— DATA LISTING —
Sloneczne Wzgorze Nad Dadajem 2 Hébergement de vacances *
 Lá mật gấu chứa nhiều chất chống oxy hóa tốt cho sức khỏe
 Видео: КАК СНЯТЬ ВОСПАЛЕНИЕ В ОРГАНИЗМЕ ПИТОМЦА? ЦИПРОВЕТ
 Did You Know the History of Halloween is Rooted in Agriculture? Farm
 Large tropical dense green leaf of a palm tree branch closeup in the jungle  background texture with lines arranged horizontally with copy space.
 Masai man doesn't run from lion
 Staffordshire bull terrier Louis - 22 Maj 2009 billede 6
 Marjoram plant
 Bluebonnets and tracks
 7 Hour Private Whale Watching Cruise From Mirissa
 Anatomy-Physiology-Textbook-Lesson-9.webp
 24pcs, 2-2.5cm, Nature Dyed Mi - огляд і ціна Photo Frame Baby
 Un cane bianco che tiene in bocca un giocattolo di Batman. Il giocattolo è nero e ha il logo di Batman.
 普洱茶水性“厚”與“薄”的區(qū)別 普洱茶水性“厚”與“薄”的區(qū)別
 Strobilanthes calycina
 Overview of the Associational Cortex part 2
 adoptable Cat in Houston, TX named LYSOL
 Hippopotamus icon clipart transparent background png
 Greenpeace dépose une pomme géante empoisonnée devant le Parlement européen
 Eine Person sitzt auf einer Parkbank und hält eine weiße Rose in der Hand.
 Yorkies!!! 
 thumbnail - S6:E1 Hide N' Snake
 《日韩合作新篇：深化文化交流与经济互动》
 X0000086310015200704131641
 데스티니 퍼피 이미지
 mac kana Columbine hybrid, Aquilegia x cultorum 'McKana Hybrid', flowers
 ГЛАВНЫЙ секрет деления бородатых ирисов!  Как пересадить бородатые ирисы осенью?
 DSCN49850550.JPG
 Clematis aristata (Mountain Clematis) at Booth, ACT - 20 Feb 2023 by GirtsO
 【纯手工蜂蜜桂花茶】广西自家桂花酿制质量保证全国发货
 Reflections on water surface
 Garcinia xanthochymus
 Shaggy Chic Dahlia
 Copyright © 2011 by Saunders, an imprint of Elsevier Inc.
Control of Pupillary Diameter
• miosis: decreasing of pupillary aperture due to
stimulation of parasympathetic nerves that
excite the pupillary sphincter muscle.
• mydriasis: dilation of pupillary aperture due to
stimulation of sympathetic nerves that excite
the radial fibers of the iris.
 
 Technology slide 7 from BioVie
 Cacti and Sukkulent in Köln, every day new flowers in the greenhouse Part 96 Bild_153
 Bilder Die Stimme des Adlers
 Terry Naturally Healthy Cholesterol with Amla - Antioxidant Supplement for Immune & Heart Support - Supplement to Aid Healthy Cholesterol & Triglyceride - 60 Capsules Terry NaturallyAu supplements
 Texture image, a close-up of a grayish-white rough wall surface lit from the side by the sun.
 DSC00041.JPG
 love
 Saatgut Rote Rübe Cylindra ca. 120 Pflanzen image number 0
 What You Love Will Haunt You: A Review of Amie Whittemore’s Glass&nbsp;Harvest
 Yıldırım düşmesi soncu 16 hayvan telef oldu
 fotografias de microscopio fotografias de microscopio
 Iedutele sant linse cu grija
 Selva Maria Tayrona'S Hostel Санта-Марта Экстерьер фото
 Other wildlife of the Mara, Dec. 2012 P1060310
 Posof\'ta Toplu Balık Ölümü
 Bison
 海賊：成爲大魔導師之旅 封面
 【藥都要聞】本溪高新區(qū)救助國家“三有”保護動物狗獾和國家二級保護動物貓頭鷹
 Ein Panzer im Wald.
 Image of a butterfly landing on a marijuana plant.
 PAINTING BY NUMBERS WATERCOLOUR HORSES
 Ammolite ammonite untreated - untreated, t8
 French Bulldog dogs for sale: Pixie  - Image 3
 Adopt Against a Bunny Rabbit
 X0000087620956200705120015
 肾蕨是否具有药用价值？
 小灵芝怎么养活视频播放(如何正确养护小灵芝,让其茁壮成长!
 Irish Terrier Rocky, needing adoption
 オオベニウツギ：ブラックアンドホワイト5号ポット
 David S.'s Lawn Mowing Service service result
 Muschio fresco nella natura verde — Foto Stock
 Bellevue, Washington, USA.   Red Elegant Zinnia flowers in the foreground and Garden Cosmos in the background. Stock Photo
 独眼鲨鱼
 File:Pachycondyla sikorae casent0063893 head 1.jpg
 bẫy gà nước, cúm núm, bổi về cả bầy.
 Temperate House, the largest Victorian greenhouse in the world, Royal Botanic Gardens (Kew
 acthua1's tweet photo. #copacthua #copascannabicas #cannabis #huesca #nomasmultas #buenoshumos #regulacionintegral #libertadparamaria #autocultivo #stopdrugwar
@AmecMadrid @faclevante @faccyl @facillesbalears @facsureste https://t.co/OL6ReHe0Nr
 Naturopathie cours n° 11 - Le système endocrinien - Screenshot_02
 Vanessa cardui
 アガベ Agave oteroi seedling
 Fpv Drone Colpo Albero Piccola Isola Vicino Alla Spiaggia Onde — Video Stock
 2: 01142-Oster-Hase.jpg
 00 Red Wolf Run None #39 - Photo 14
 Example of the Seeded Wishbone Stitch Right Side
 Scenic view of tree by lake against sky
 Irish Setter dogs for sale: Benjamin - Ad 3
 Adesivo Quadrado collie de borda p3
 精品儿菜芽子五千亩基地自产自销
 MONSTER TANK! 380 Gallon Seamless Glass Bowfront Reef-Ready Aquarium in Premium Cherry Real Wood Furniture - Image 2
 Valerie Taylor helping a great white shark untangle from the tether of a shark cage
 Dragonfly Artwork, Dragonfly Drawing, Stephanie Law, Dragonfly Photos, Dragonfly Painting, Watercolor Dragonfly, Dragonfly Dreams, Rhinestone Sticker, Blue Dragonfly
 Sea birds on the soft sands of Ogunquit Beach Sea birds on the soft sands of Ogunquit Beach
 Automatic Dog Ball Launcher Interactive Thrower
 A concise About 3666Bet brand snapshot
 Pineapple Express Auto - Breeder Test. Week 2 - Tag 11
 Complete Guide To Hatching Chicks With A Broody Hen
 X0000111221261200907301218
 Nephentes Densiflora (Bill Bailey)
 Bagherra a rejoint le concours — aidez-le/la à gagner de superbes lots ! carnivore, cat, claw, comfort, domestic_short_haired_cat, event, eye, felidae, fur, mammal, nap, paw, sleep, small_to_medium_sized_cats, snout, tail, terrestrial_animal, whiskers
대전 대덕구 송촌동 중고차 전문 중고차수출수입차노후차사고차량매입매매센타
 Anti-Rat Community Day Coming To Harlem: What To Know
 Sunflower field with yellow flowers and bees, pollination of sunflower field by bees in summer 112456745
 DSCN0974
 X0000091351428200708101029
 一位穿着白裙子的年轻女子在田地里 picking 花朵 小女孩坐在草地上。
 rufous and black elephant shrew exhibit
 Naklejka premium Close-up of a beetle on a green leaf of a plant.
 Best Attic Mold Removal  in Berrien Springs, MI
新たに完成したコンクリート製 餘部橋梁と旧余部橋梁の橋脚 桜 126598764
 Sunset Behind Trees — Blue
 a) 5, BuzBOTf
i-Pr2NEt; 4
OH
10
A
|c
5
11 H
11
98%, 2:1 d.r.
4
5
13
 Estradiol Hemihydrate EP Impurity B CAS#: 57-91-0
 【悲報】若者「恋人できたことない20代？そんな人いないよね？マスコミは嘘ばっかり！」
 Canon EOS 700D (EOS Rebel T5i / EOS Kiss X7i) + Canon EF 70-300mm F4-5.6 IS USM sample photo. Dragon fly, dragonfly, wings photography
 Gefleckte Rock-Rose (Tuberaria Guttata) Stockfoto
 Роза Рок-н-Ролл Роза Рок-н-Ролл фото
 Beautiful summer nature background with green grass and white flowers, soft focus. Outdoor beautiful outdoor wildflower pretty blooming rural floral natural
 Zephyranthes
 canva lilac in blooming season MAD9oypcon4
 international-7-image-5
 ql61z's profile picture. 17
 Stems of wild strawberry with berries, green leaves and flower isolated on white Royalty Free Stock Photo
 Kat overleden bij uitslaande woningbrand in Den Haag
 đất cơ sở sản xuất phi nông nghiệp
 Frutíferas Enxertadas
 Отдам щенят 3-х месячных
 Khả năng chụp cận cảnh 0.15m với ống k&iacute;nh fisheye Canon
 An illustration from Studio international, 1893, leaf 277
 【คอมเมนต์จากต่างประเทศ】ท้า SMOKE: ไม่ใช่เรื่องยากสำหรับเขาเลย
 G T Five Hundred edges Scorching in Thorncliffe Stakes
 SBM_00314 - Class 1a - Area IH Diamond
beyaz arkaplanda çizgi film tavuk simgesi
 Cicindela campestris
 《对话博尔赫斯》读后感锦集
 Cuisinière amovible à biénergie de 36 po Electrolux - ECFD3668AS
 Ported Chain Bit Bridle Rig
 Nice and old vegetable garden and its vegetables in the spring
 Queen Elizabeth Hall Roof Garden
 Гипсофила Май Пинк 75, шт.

— WHAT TO WORK ON —
The reply should hold only the lines from the top of the records through the line that has "24pcs, 2-2.5cm, Nature", each one exact.

— EXERCISE OUTPUT —
Sloneczne Wzgorze Nad Dadajem 2 Hébergement de vacances *
 Lá mật gấu chứa nhiều chất chống oxy hóa tốt cho sức khỏe
 Видео: КАК СНЯТЬ ВОСПАЛЕНИЕ В ОРГАНИЗМЕ ПИТОМЦА? ЦИПРОВЕТ
 Did You Know the History of Halloween is Rooted in Agriculture? Farm
 Large tropical dense green leaf of a palm tree branch closeup in the jungle  background texture with lines arranged horizontally with copy space.
 Masai man doesn't run from lion
 Staffordshire bull terrier Louis - 22 Maj 2009 billede 6
 Marjoram plant
 Bluebonnets and tracks
 7 Hour Private Whale Watching Cruise From Mirissa
 Anatomy-Physiology-Textbook-Lesson-9.webp
 24pcs, 2-2.5cm, Nature Dyed Mi - огляд і ціна Photo Frame Baby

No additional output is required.